Plugging a "smart" socket into your house may be the perfect Trojan horse for hackers.
According to researchers at anti-virus company Bitdefender, there's a certain smart plug with serious security flaws. The device isn't encrypted, it's "susceptible to malicious firmware updates" and it uses "weak default passwords" — which the company neglected to warn its users should be changed for heightened security, ZDNet reported.
For the uninitiated, a smart plug is an "Internet of Things" device that plugs into your outlet to monitor your energy consumption and automate your home by acting as a hub for your other internet-connected devices.
The researchers didn't specify in which device it discovered these security flaws, just that it was an "electrical outlet currently on the market." So if you have recently plugged one of these smart suckers into your walls, consider changing your password.
What do these security flaws mean?
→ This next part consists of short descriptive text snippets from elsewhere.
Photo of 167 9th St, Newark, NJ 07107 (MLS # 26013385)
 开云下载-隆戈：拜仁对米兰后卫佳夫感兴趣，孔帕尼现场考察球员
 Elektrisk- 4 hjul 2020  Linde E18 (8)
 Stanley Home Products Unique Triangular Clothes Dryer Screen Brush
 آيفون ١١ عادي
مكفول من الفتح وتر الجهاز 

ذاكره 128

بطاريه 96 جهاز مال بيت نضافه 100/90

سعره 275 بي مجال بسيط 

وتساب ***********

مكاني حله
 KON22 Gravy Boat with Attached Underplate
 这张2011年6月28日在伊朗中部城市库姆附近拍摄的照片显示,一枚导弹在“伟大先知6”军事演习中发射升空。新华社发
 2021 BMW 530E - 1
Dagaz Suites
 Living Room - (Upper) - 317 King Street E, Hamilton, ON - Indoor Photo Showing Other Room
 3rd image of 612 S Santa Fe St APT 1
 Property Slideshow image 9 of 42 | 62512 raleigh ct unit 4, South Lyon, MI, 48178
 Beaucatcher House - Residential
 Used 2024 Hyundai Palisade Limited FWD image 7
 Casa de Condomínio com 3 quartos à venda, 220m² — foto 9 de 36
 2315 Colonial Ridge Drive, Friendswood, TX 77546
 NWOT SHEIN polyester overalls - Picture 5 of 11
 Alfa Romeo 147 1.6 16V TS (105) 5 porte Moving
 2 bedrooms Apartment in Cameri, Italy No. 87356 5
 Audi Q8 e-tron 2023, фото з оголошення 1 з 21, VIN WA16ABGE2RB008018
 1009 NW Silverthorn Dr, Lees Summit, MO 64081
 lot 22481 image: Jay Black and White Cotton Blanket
According to Bitdefender, it makes your entire connected home vulnerable to hackers, allowing an attacker to access the device itself as well as all the other ones connected to it on the same network.
"One of the most destructive actions an attacker can take is to rip off the existing software and plant malicious software in its place," Bitdefender researcher George Cabau told ZDNet. "For users, the consequences can extend to losing control of all their network-connected devices as they become weapons of attack in a cyber-criminal network, as well as to exposing their email accounts and their contents."
Yep — thanks to a poorly secured smart plug, your precious, once-private emails are now at a hacker's fingertips. And if you went wild with the smart home accessories, the aforementioned mystery plug could be a means to a hacker controlling your lights, coffeemaker, toaster, thermostat — and the beat goes on.